It is a figure of speech in which the sound reflects the sense. It is the employment of words that imitate the sound or echo the sense. It creates a sound effect that mimics the description of words expressive and interesting. For example, dong, crackle, moo, pop, whizz, whoosh, zoom.

Common Examples of Onomatopoeia

  1. The flag flapped in wind.
  2. Both bees and buzzers buzz.
  3. Emma was disturbed by the strange moaning.
  4. When the wind blew the leaves rustled.
  5. Time just keeps on ticking.

Examples in Literature

It is very common in verse and fairly common in prose and is found in many pieces of literature at all times.

He saw nothing and heard nothing but he could feel his heart pounding and then he heard the clack on stone and the leaping, dropping clicks of a small rock falling.

Ernest Hemingway, For Whom the Bell Tolls

In these lines, the cooing of the doves and the humming of the bees are examples of onomatopoeia.   

“The moan of doves in immemorial elms
And murmuring of innumerable bees.”


Tennyson

In these lines, vowel sounds in the second line suggest the idea of loud thundering noise.

“Rend with tremendous sound your ears asunder,
With gun, drum, trumpet, blunderbuss, and thunder.”

The whole passage is subtly onomatopoeic, the rhythm of the second line is a beautifully skillful evocation of the clickety-clack of wheels on rails.

When the train starts, and the passengers are settled
To fruit, periodicals and business letters
Their faces relax from grief into relief,
To the sleepy rhythm of a hundred hours


Eliot’s Dry Salvages

Pope’s obiter dictum that the ‘sound must seem an echo to the sense’ is profoundly true of poetry in general.

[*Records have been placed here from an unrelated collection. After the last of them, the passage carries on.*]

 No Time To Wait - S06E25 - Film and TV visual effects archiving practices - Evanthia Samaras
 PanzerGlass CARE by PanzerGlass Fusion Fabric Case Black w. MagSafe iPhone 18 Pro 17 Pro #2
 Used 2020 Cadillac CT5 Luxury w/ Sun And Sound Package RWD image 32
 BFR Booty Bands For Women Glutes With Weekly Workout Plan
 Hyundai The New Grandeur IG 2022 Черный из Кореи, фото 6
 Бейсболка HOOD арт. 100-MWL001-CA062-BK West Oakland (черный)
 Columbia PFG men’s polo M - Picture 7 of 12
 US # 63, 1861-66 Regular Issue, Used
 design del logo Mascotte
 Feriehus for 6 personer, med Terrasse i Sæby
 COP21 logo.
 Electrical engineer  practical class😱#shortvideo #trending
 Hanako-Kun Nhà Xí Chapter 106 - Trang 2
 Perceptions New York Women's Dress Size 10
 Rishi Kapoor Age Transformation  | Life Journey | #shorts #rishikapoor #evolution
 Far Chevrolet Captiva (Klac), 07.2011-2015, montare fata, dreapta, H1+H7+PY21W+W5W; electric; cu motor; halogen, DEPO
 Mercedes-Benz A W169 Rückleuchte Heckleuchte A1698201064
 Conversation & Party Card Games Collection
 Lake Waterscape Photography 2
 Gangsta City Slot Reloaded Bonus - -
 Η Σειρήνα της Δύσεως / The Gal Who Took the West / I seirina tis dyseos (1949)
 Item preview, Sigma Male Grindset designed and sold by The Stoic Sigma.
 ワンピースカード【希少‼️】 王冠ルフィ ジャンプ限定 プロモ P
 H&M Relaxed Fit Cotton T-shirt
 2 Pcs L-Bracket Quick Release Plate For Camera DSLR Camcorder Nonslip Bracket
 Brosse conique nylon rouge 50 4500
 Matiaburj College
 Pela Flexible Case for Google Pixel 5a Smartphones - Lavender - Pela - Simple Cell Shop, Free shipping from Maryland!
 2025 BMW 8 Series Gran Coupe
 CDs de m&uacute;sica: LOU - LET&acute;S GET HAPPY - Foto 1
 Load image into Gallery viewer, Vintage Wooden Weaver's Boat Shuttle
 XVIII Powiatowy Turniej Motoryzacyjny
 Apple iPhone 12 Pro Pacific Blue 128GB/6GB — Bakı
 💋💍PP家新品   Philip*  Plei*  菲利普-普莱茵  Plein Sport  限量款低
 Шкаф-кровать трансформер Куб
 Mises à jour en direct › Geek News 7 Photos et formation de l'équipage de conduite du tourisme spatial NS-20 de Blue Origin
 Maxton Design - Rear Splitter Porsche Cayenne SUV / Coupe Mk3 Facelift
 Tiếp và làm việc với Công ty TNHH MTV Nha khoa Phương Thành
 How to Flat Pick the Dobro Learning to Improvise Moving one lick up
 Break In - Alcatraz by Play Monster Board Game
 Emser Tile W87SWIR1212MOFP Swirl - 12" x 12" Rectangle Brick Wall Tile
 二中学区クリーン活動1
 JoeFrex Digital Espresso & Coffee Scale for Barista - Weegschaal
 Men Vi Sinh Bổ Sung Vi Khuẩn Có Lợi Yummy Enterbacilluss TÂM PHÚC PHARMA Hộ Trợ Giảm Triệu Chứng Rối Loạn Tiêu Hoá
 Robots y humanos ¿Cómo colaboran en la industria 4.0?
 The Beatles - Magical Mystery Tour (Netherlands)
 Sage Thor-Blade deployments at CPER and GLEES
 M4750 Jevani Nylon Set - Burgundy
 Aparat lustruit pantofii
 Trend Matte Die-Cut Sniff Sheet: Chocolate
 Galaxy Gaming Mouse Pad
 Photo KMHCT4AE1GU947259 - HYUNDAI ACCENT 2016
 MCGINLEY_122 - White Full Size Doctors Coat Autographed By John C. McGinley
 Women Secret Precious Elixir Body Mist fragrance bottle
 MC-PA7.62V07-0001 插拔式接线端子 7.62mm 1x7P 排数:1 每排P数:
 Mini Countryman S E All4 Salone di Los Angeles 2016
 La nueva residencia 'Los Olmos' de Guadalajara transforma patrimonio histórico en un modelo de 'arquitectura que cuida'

The following lines from D.H. Lawrence’s poem “Snake illustrate the point”,

He reached down from a fissure in the earth-wall in the gloom      
And trailed his yellow-brown slackness soft-bellied down, over the edge of the stone through
And rested his throat upon the stone through
And rested his throat upon the stone bottom,
And where the water had dripped from the tap, in a small clearness,
He sipped with his straight mouth,
Softly drank through his straight gums, into his slack long body, silently.

In the rhythm, motion and length of the lines and in the totality of the sound effects Lawrence has suggested very well the sinuous and slow progression of the reptile. The sound effects are, so to speak, visual as well as aural.